Important finds include two very well-preserved house foundations from the Linear Pottery culture dating to the mid-6th millennium B.C. The Linear Pottery culture built the first farming settlements in Lower Saxony, so the remains, artifacts and soil samples recovered from this period will provide new insights into the earliest settlements in the region.

The most significant find was discovered during construction of one of the wind turbine platforms. Objects of bronze and amber were found close together. Archaeologists lifted them in a large soil block so the delicate objects could be excavated in laboratory conditions.
The find consists of a hoard of Bronze Age jewelry dating from around 1500 to 1300 BC. For the northern Harz foothills, this is the first Bronze Age hoard find since 1967 and the only one excavated according to modern scientific standards, as the archaeologists explain. The jewelry belonged to at least three high-ranking women and was possibly buried as a religious offering. Among the pieces are decorated neck rings, arm spirals, and bronze ornamental plates, as well as at least two disc pins.

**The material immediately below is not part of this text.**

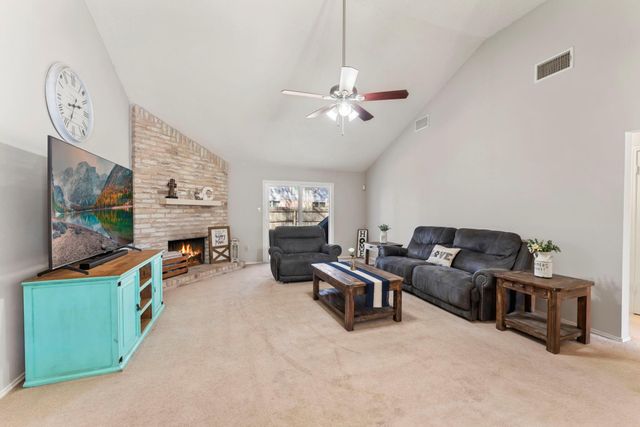 43 Country Forest Court, The Woodlands, TX 77380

A necklace made of more than 156 amber beads is particularly outstanding and, so far, unique. It is the largest single find of Bronze Age amber in Lower Saxony to date, according to the State Office for Heritage Management. Amber was collected during the Neolithic and Bronze Ages, primarily along the Baltic coasts of Scandinavia and the Baltic region. The organic material was highly prized in many cultures for its “sunny” color and transparency and was traded via long-distance trade networks as far as the Mediterranean and beyond. In most places, only members of the political and religious elite could afford jewelry made of imported amber. The exact origin of the amber beads in the necklace recently discovered in the Harz foothills has yet to be determined. The State Office reports that the analysis of the fragile finds has only just begun.